Reconfiguring the Loadbalancer in case of a DMZ or Reverse Proxy Setup
For on-premise deployments, the recommendation is to place API Portal behind a reverse proxy in the DMZ. The reverse proxy is required for tunneling of requests for the API Portal. The reverse proxy can either be an arbitrary reverse proxy like an Apache with mod_proxy or mod_rewrite modules, a third party security appliance, or a wM Enterprise Gateway (for the pure API traffic).
The API Portal load balancer by default redirects any clients to its fully-qualified host name. For example, if the server's host name is myportal.mycompany.com, and a user who is in the domain mycompany.com can access the server with its non-qualified name myportal, then the user (or rich client and so on being used) is redirected to myportal.mycompany.com.

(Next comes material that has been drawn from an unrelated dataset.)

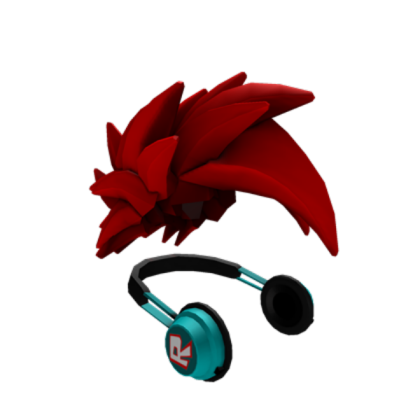 Red Hair Roblox decal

When API Portal is placed behind a reverse proxy in the DMZ the redirect may not work properly with certain network configurations where there are internal and external IPs and no hostname. This can be solved by reconfiguring the Loadbalancer settings.

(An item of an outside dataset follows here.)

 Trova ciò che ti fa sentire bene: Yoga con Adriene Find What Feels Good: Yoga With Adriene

You have to reconfigure the following parameter settings:
HTTPD.servername parameter to manually tell the load balancer the proper external hostname of the reverse proxy (or IP address) to be used to redirect.
HTTPD.RewriteEngine parameter to disable the automatic redirection.

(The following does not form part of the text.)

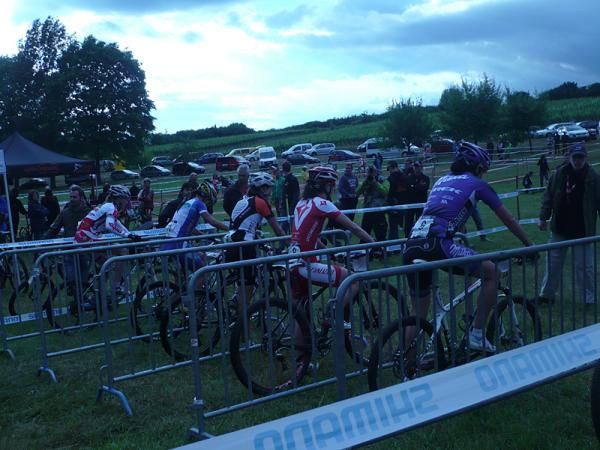The women, lined up and ready for a heat of the eliminator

The loadbalancer registers itself as a service in zookeeper. This registration includes registration of a port, a hostname, and a scheme. This information can then be used by other API Portal applications to generate URLs that are passed to users (for example, in email notifications). In the reverse proxy case, the hostname used for registration should be the external (reverse proxy) address. This has to be configured by reconfiguring the zookeeper.application.instance.host parameter.